Sofort waren die Schatten verschwunden. Sie verschwanden so schnell und so vollständig, als wären sie nie dagewesen. Die Geräusche verstummten im Gebüsch. Die Welt um sie wurde leer, und sie und Garth waren alles, was darin zurückgeblieben war.

Sie schloß ihre Finger wieder und zog die Hand zurück. Die Schatten, was auch immer sie waren, wußten etwas von Elfenmagie.

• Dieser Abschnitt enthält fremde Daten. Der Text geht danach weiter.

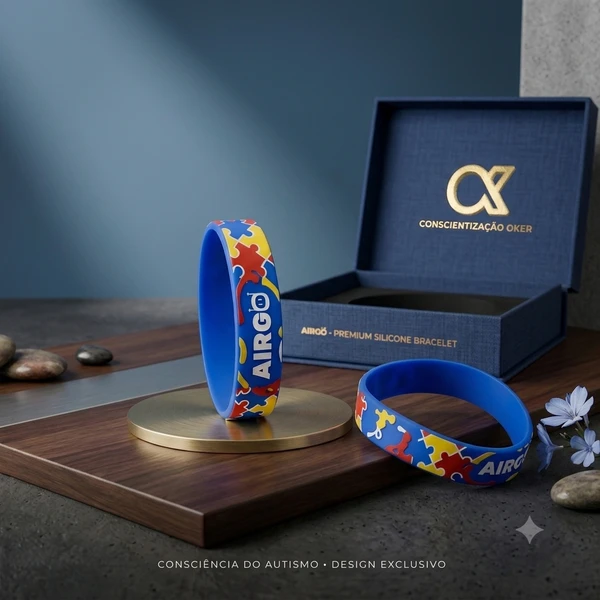 Pulseira de Identificação OKERX Kids TEA - Segurança para Crianças com Autismo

Ihr Instinkt hatte ihr gesagt, daß es so sein würde. Sie wurde von einer plötzlichen Bitterkeit erfüllt. Die Elfensteine waren kein Teil ihres Lebens. Darauf hatte sie bestanden. O nein – sie gehörten nicht zu ihrem Leben. Sie gehörten jemand anders, nicht ihr. Wie schnell sie sich das gesagt hatte. Und wie schnell sie auf sie zurückgriff, wenn sie sich bedroht fühlte! Sie ließ die Steine in ihren Behälter zurückgleiten und schob ihn wieder in ihre Tunika. Die Nacht war friedlich und still, der Dunst war bar jeder Bewegung. Die Wesen, die auf Morrowindl lebten, waren jetzt auf der Suche nach leichterer Beute. Es war nach Mitternacht, als sie Garth weckte. Es war nichts mehr erschienen, um sie zu bedrohen. Sie erzählte Garth nicht, was geschehen war. Sie wickelte sich in ihren Umhang und lehnte sich an ihn.

Das war lange, bevor sie einschlief.

In der Morgendämmerung machten sie sich erneut auf den Weg. Der Vog lag dicht über den Hängen des Killeshan, und das Licht war dünn und grau. Feuchtigkeit erfüllte die Luft. Sie sickerte durch den Boden, auf dem sie gingen, durchdrang die Kleidung, die sie trugen, und ließ sie erschauern. Nach einiger Zeit begann die Sonne durch den Dunst zu scheinen, und ein Teil der Kälte wurde vertrieben. Ihre Reise ging langsam und mühevoll voran, das Land war uneben und zerklüftet, eine Reihe von Senken und Graten war unter dem wuchernden Dschungel verschwunden. Die Stille der letzten Nacht blieb bestehen, eine düstere Stille, die das Paar aussonderte und Fäden des Unbehagens um sie herum spann.